Over on Amazon, sales for Chained to the Alien don't look strong. Hmmm, maybe this means the interest in the late 1980s/early 1990s debates about science fiction - the kind of ferment that was reflected in the second incarnation of Australian Science Fiction Review - isn't there out in the Land of the Public. I dunno.
Here's the score: I can't twist your arms to buy this book - much as that might be fun. But consider passing on the message to those who might have an interest. As I've previously mentioned, Chained to the Alien contains nearly 30,000 words of my best literary criticism, and it shows me getting involved in rather different controversies from the ones I'm caught up in 20 years later. Maybe some of y'all might find that interesting or know someone who would.

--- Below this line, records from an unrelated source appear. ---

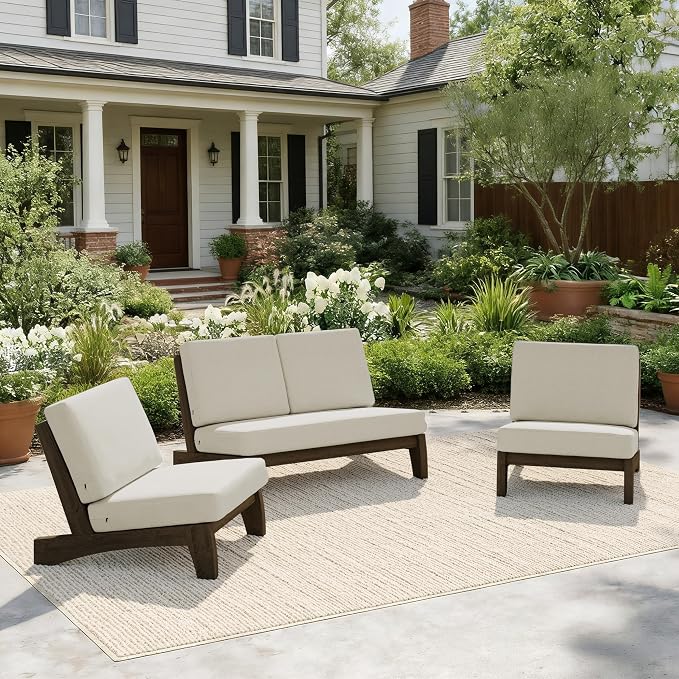 Pia Ricoo 4 Piece Patio Furniture Sets, Outdoor Loveseat Sofa Set with 2 Chairs & Coffee Table, Patio Conversation Set for Backyard, Deck, Lawn, Light Camel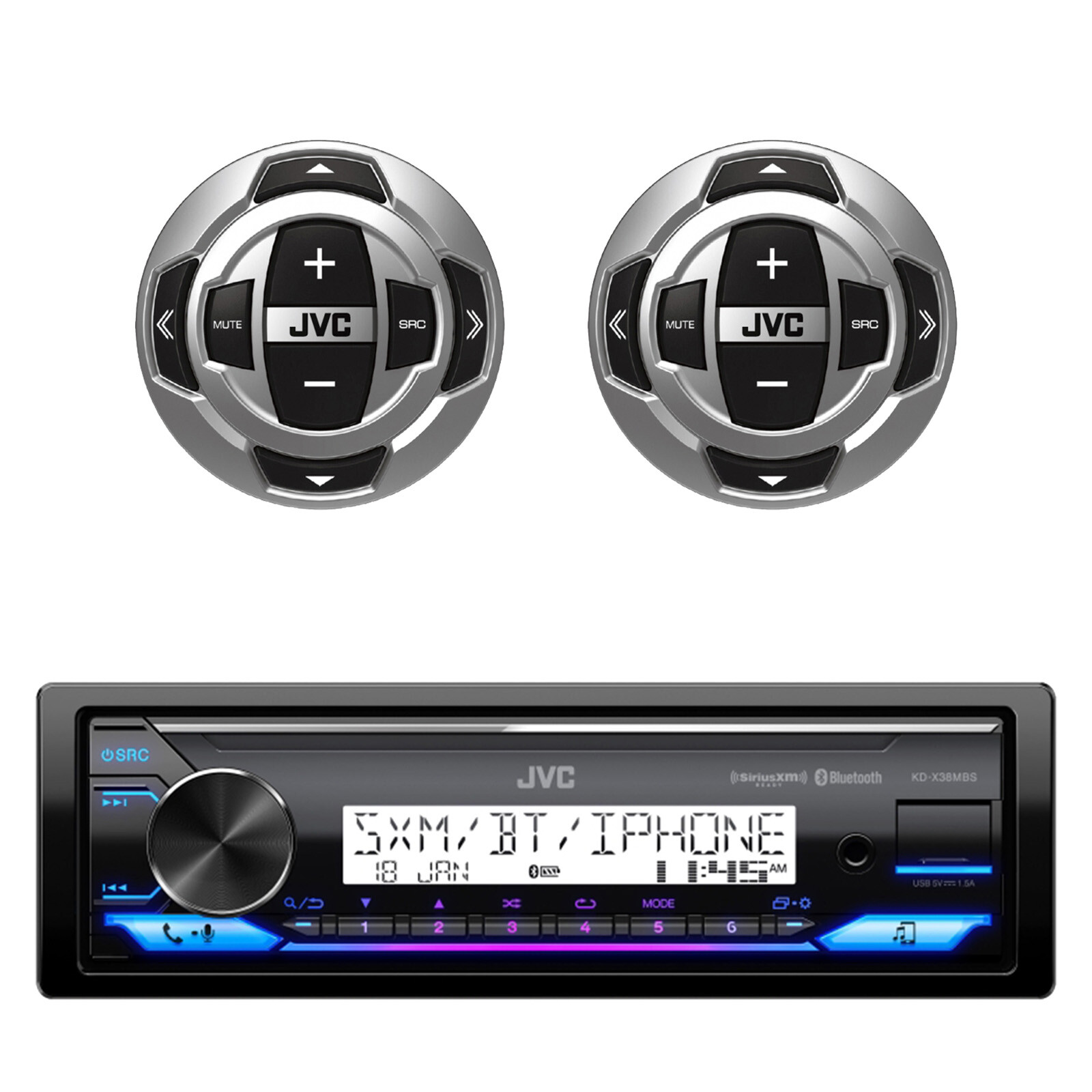 JVC KD-X38MBS Single DIN Marine USB Bluetooth Receiver w/2x Wired Remote Control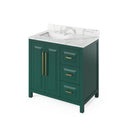 Jeffrey Alexander 36" Forest Green Cade Left Offset with Calacatta Vienna Quartz Vanity Top Rectangle Bowl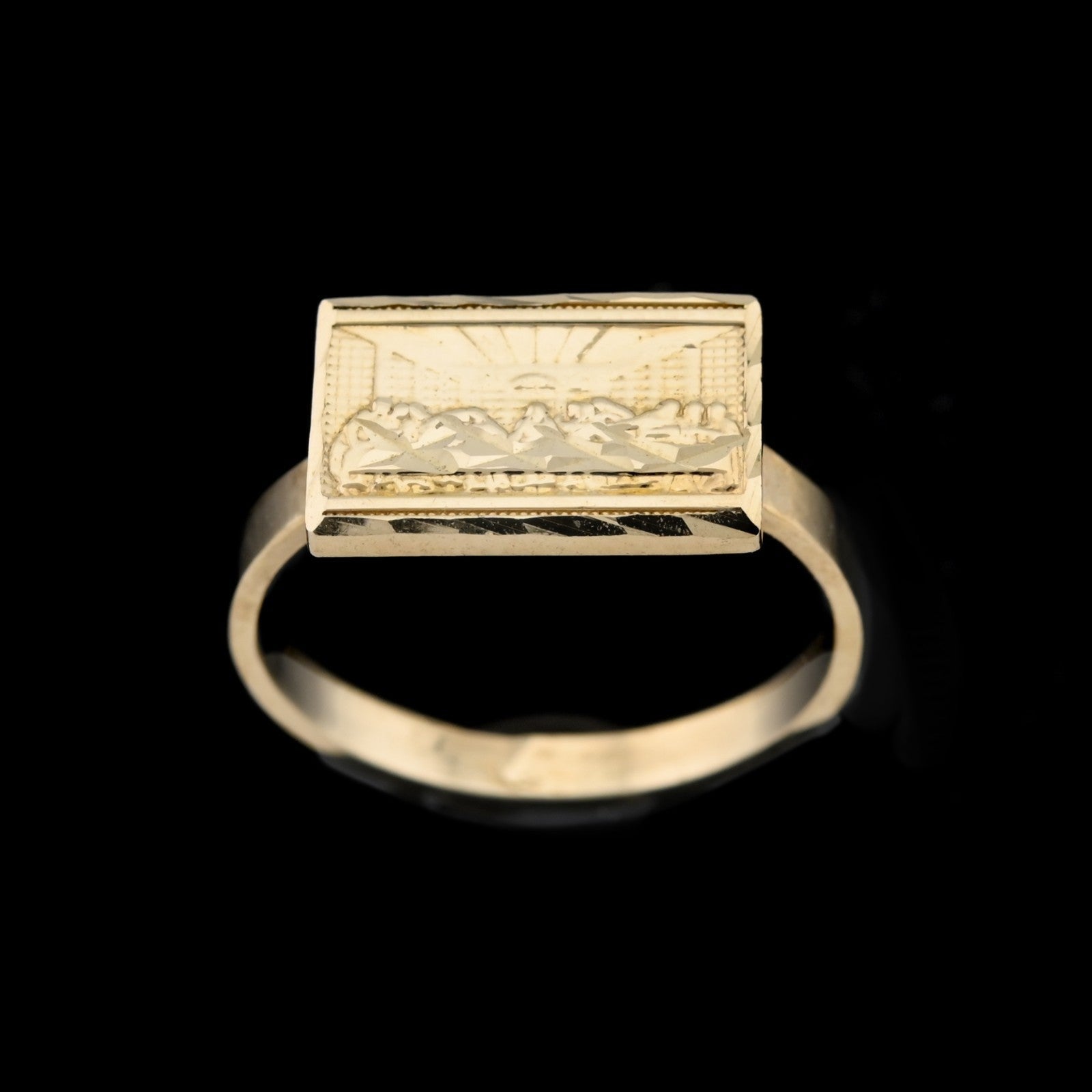 10kt Solid Yellow Gold Last Supper Rectangular Ring Men Religious Ring 2.2g - Elite Jewelers - Rings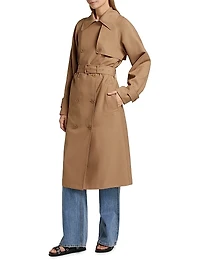 Cotton Belted Double-Breasted Trench Coat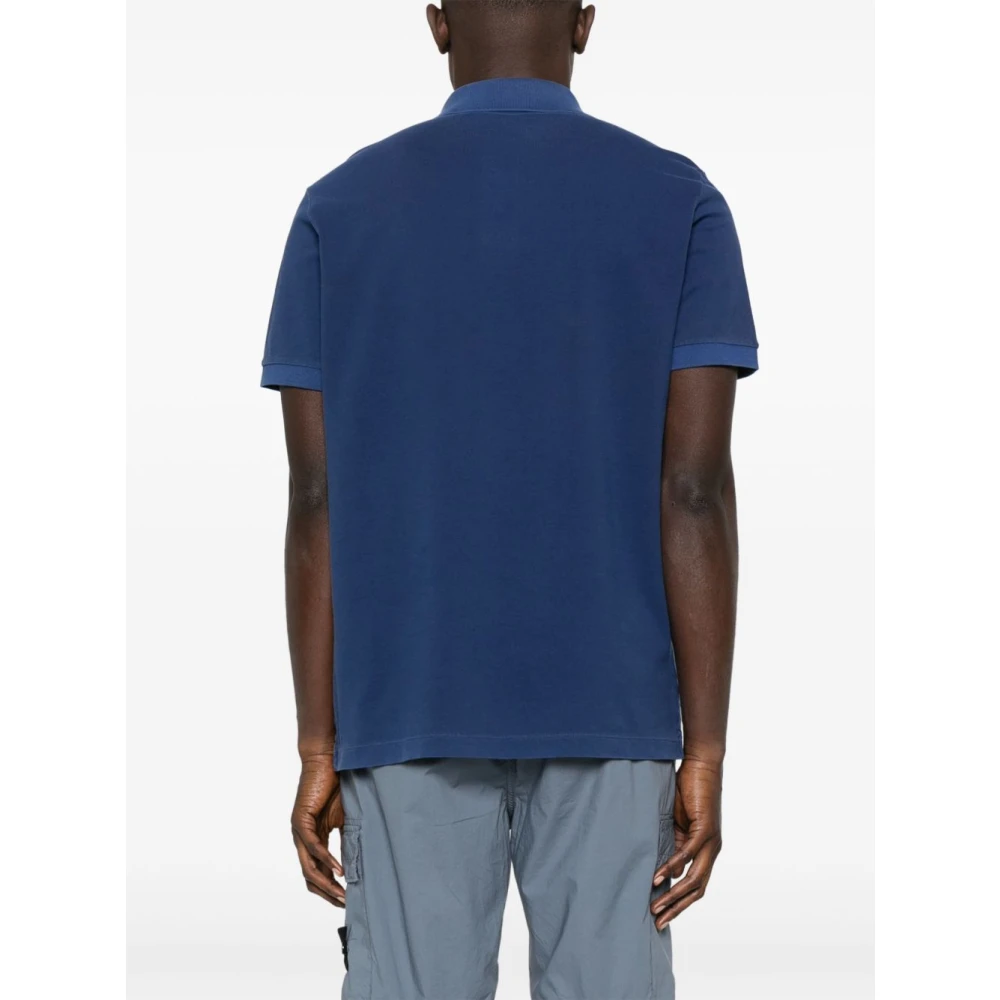 Stone Island Blauw Poloshirt met Kompas Motief Blue Heren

It's quite a nifty little book, reprinting much energetic and sometimes ferocious material from the halcyon of ASFR 2, so I wish it success.
6 comments:
This sounds like the sort of book which people who teach classes on science fiction would appreciate. Don't you know anybody who can put it on the required reading list and force whole classes of college kids to buy it? (-:
Russell, my new course on writing Science Fiction, Fantasy and Horror has just opened for students at www.cengage.com.au, perhaps it could be something they would consider for students - you could feel them out on this. It would sound better coming from you than me I'm afraid... I am already too verbose with them
I think it's more a book for sf scholars than anything, but of course there are many such books. It should at least be in university libraries.
Of course, maybe it is in some university libraries. They wouldn't buy through Amazon.
I'm not an academic but I am a science fiction fan and I found Damein Broderick's 'Starlight' accessable enough.
I've put in an order for this. Oddly, if you search for it by title the second book they suggest is about Jerusalem and the third is about prostitution!